Su semblante cambió, pasó de la alegría del viaje a uno de preocupación y casi
me atrevería a decir que de miedo y angustia. Sobre la mesita donde estaba el
teléfono había varios bolígrafos, junto
a un block de notas, tomó uno y anotó algo, con trazo firme y enérgico. No se
había dado cuenta de que lo estaba mirando, hasta que alzó la mirada y me vio.
Se acercó a mí y me pidió que le ayudara a decirle a mamá y a las gemelas que
el viaje se cancelaba. Le pregunté el porqué de aquello y me respondió que
tenía que ir al hospital, era un asunto de vida o muerte. Mi madre se enfadó
con él, las gemelas empezaron a pelearse entre ellas, en unos minutos el caos
había puesto nuestras vidas, patas arriba.

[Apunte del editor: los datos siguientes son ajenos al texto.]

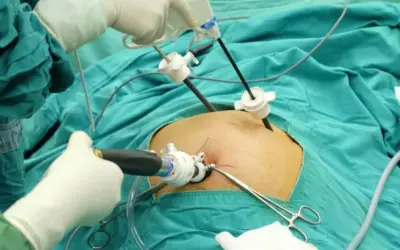 Robotic Surgery for Bile Duct Cancer?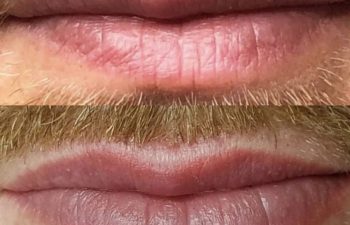 Close-up of a person's lips and mustache shown in two images, one above the other, displaying subtle differences in lip color and texture.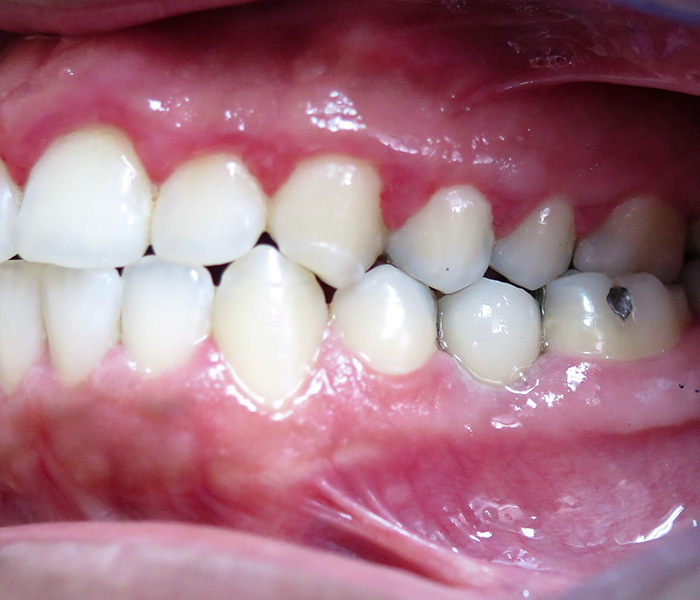 After multiple dental implants at Dentist of Montclair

Mi madre entró en casa y se sirvió una copa de vino, mientras nosotras descargábamos las maletas del coche. Al
terminar, mi padre se metió en el coche y aceleró como si se diera a la fuga, tuve la sensación de que no lo volveríamos a ver. Un escalofrío
recorrió todo mi cuerpo. Más tarde me enteraría por la policía lo que había
pasado. El por qué mi padre salió a toda prisa y qué había escrito en aquella
nota.
Uno de sus pacientes, acababa de matar a dos enfermeras. Cuchillo en mano
amenazaba de muerte a todo aquel que se le acercaba. Se trataba de un chaval de
unos 20 años, alto y muy delgado, apenas pesaba cuarenta kilos, había ingresado
allí con delirios paranoides, escuchaba voces que le hablaban y le inducían a
autolesionarse, le decían que era para purificar su alma y así no caer en manos
del oscuro.
Un par de vigilantes de seguridad, altos y fornidos, intentaron sujetarlo,
el joven los levantó del suelo como si fueran plumas, y no hombres de casi cien
kilos y los lanzó por la ventana al vacío, los vigilantes salieron despedidos, como
si se deslizaran por un resbalín.
Después de aquello, el chaval pidió a gritos que le trajeran una pizza de jamón y queso porque tenía mucha
hambre. Aquello parecía surrealista. Mi padre acababa de llegar y le habían
puesto al tanto de todo lo que había pasado. La idea era acercarse a él, como
su terapeuta el joven lo conocía bien y creía que no iba a tener problemas en
hacerlo entrar en razón. Llevaba preparada una jeringuilla con un fuerte
sedante listo para clavársela, si las cosas se torcían. Cuando entró en la sala
y vio a mi padre, aquel chico se puso a llorar, pidiendo perdón por lo que había
hecho, diciendo que él no quería que pasara, pero si no lo hacía aquel ser
oscuro lo llevaría con él al infierno. Mi padre intentó calmarlo, mientras se
iba acercando a él poco a poco. Para ganar su confianza empezó a hablarle de
cuando había sido guitarrista en
aquel grupo que había formado en el instituto con unos colegas. El joven sonrió
ante ese recuerdo. Y pareció relajarse. Mi padre siguió acercándose a él, algo
más confiado. Cuando estaba a escasos metros se fijó en su cara, estaba
transformada, algo no iba bien. Sus ojos estaban hundidos, sin iris, negros,
como si no tuviera alma. Lo agarró en el momento justo en que su cuerpo empezó
a tambalearse, impidiendo así que se cayera en el suelo. El muchacho se sujetó
al cuello de mi padre, sus bocas quedaron a escasos centímetros, la una de la
otra. Un aliento negro salió de su interior para luego introducirse en la boca
de mi padre. El joven salió del trance en el que estaba y al ver lo que había
pasado, no lo dudó un instante y le clavó un cuchillo en el abdomen, para luego
rajarse el cuello mientras gritaba “búscate otro cuerpo”. La policía encontró
en el bolsillo del pantalón de mi padre aquella nota, decía: Posesión.